Cardi B has risen to the top of the music charts thanks to a charisma and swagger that is lacking in most corporate pop stars today. Her story is an inspirational one. She joined a gang at the age of sixteen. At nineteen, she became a stripper after being fired from her job at the supermarket. She says that she became a stripper to rise out of poverty and domestic violence. Cardi B said of stripping: “It really saved me from a lot of things. When I started stripping I went back to school.” Welcome to the American Dream: where students have to strip to pay for school.

Lately Cardi B has come under fire for this rather outrageous comment dug up from the twitter archives: “If my man cheat on me. I’ma get him drunk and let a tranny rape him”. A Huffington Post article scolded: “Going forward, we’ll work even harder to make sure the world (which, contrary to what we originally thought, is apparently not already sufficiently designed to guarantee and ensure your heterosexual privilege and success as non-queer people) is better suited to meeting your needs”.

Now of course the Huffington Post and others are right to be against such hateful speech, and they bring up some important statistics worth repeating.

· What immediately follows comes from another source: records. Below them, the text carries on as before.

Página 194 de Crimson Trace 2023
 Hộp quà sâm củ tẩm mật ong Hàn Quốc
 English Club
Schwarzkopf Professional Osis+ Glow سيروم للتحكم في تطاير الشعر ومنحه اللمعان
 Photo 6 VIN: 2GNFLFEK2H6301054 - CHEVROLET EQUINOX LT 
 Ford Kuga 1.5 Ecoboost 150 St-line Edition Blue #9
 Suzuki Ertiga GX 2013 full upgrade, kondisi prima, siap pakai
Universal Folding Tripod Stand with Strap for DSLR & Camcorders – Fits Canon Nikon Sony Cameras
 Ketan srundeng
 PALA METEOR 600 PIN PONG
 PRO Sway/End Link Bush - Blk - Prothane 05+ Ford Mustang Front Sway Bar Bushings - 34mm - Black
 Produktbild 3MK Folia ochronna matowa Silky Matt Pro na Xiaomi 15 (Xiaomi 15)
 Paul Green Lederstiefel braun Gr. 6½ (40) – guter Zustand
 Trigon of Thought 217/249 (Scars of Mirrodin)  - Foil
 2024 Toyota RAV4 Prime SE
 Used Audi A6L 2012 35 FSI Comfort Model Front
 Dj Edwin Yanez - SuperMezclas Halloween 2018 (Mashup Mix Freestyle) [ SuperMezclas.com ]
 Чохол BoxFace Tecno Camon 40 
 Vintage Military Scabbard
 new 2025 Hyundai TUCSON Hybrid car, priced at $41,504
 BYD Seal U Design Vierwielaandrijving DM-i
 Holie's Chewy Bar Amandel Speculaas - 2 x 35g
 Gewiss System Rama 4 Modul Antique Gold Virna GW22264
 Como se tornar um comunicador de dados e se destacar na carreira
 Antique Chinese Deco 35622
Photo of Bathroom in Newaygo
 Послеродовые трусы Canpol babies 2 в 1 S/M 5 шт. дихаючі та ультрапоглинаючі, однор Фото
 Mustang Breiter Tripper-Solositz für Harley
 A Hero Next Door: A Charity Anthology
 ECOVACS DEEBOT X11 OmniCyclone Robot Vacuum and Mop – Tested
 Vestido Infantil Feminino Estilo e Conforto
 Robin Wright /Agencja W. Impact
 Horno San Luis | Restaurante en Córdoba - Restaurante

The article reminded us: “2017 was the deadliest year on record for the LGBTQ community in the U.S. with an 86 percent increase in hate violence homicides from 2016” and also: “And let’s not forget it’s still legal in 28 states to fire someone just because they identify as gay, lesbian, bisexual or some other non-heterosexual orientation and in 30 states it’s legal to fire people who identify as trans or non-cisgender.” and importantly: “Trump worked to stack the courts with anti-LGBTQ judges.” And perhaps significant to Cardi B’s identity: “At least 28 transgender people (most of them transgender women of color) were murdered in 2017 ― more than any other year on record.”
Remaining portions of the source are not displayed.